WHAT YOU NEED TO DO. Check each line of the entries below for the word "Hotel", and copy the lines that have it.

Items listed in a dataset
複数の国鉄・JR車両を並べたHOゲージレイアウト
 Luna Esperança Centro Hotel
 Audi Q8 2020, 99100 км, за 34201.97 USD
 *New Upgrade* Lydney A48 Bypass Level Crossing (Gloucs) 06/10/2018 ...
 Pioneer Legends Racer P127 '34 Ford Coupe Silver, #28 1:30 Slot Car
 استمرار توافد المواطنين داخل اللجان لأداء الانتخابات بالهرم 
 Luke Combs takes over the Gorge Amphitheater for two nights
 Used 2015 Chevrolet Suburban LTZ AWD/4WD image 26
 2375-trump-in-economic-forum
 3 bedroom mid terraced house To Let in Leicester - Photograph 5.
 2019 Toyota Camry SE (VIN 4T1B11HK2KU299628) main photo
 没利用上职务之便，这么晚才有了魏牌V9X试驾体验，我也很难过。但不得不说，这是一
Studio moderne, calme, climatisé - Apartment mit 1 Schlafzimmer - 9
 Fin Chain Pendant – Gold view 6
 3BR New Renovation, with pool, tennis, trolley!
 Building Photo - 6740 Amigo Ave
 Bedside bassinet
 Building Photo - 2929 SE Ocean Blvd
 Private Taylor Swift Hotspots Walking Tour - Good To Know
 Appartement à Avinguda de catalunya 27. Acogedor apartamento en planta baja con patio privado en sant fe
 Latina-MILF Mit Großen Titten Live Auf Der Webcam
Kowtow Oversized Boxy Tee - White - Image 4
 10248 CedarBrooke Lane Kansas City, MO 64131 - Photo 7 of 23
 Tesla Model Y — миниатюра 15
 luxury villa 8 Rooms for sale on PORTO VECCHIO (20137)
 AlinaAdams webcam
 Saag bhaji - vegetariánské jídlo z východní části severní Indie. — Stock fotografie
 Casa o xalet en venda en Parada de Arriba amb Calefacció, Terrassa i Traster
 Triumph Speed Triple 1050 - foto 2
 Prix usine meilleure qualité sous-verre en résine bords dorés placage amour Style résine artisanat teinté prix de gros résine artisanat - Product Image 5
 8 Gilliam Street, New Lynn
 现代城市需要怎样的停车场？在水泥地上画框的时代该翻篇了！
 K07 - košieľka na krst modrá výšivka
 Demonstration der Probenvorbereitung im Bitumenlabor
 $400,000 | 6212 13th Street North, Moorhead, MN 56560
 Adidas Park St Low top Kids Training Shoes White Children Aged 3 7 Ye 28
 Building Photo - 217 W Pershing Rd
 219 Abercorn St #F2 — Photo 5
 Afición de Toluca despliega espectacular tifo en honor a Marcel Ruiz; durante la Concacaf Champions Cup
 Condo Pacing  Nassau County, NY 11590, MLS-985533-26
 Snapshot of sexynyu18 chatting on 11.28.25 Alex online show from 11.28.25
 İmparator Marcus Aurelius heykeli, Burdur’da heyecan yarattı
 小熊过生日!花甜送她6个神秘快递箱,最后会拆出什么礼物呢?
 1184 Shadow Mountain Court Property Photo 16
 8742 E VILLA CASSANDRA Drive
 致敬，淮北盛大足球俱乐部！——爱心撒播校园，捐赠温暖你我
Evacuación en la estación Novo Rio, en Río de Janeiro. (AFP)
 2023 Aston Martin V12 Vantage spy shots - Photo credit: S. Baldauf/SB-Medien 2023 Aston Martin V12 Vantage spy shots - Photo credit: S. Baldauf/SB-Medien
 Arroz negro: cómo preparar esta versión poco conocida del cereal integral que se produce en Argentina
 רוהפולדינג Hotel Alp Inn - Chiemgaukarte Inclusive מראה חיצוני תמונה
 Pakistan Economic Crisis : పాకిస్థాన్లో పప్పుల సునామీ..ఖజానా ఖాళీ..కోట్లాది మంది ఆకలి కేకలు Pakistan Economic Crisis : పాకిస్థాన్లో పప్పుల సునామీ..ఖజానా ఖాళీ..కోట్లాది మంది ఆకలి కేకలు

RESPONSE.
 Luna Esperança Centro Hotel
 רוהפולדינג Hotel Alp Inn - Chiemgaukarte Inclusive מראה חיצוני תמונה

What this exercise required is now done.